Major League Baseball and the MLBPA officially announced an exhibition game in Cuba in a release on Tuesday. U.S. President Barack Obama is expected to be in attendance during his upcoming visit to Cuba.
Obama will be the first sitting American president to visit Cuba in 88 years.
“Americans and Cubans share a love of baseball, and this is yet another powerful reminder of the kinship between our peoples as well as the progress we can achieve when we leverage those natural ties,” a White House official said Tuesday.
It will be the first visit to Cuba by an MLB team since the Baltimore Orioles played an exhibition game there against the Cuban National Team in 1999.
Rays owner Stuart Sternberg said in the release that his team was “privileged” to visit the country on what would be a “memorable and significant” trip, a sentiment echoed by league commissioner Rob Manfred.

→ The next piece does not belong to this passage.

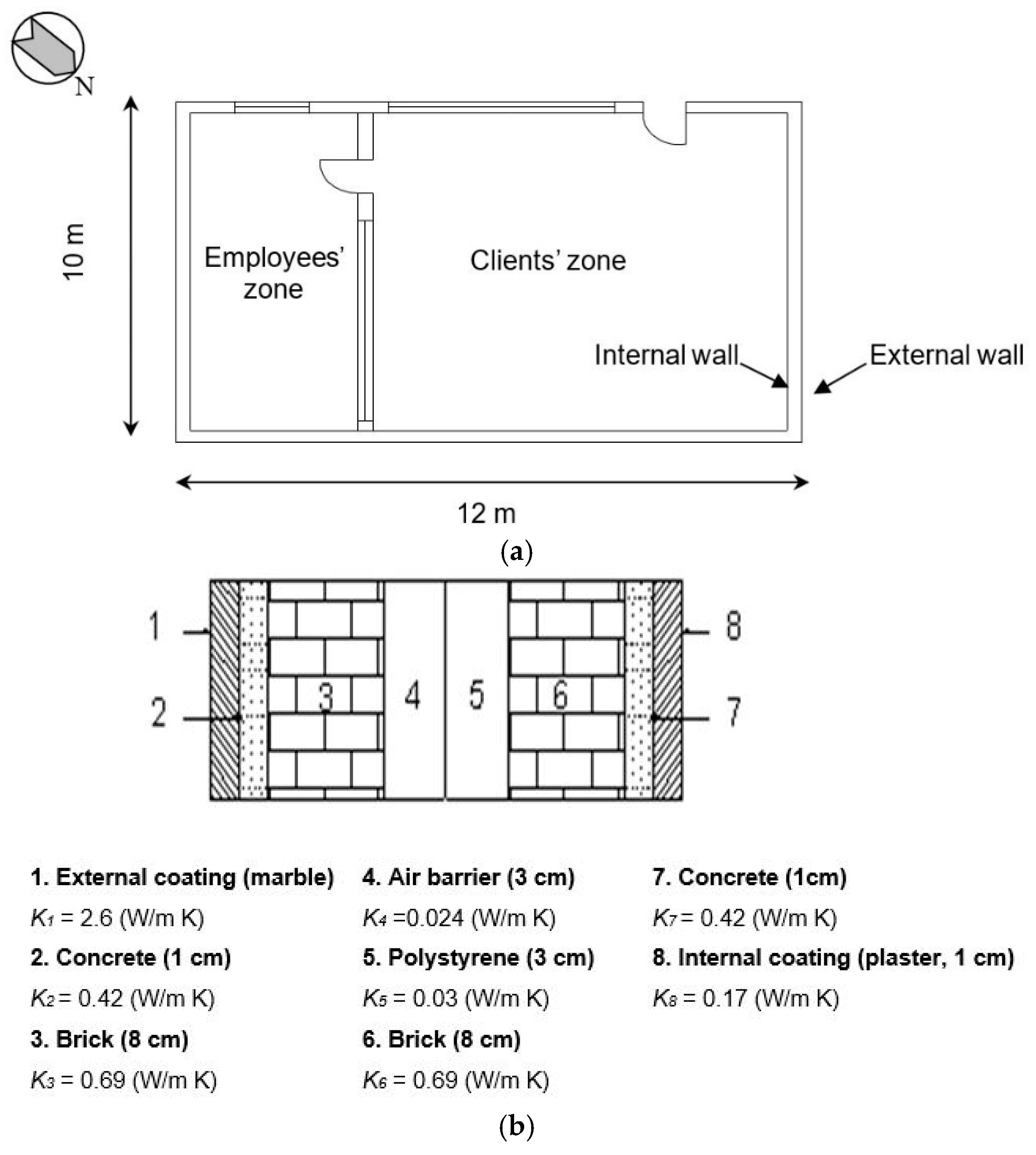 Coatings 09 00288 g001 Coatings 09 00288 g001
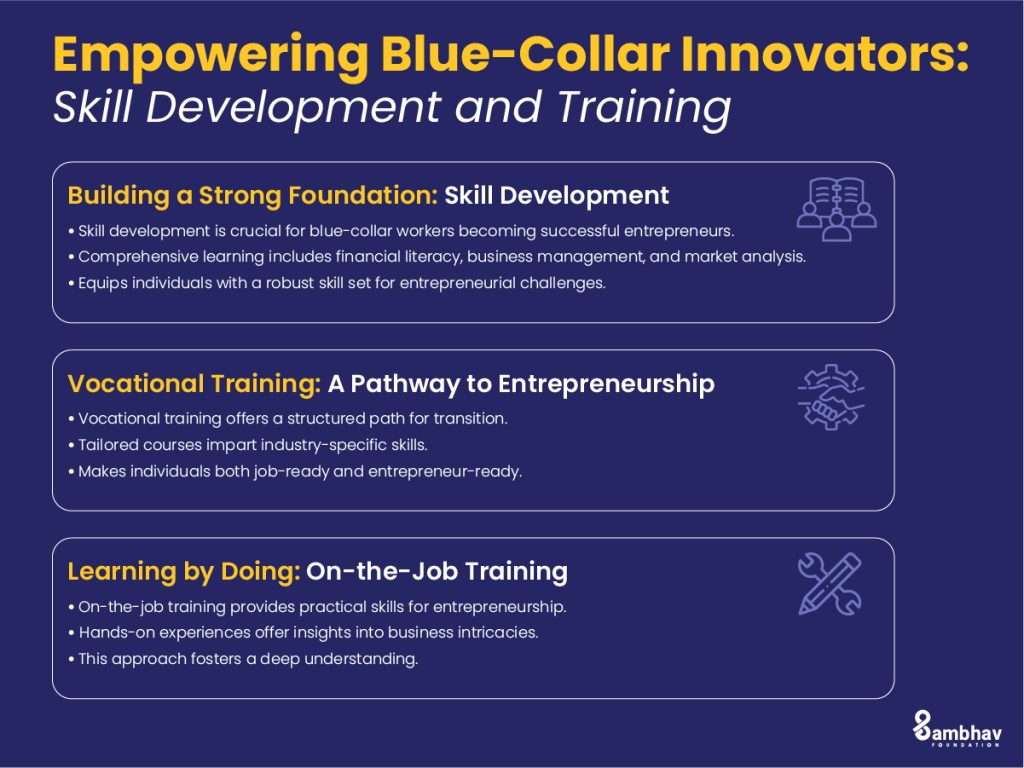 Empowering Blue-Collar Innovators: Skill Development and Training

“Major League Baseball is excited to play in Cuba and to have the Tampa Bay Rays representing our 30 Clubs,” Manfred said. “During a time of historic change, we appreciate the constructive role afforded by our shared passion for the game, and we look forward to experiencing Cuba’s storied baseball tradition and the passion of its many loyal fans.”
“We’re excited to be part of this trip. For us, it’s about spreading goodwill through baseball,” Matt Silverman, the Rays’ president of baseball operations, said on a conference call. “We’re excited for the opportunity and to experience firsthand the baseball culture of Cuba.
US President Obama’s policy of engagement with Cuba faces a major obstacle in that Congress controls much of the regulations and restrictions pertaining to Cuba. As a workaround, Obama has embarked on steady, slow drum beat of actions taken to leverage executive authority to dismantle various Congressional rules that together make up the US embargo against Cuba.
The Cuba Journal refer to these actions as Cubamacare.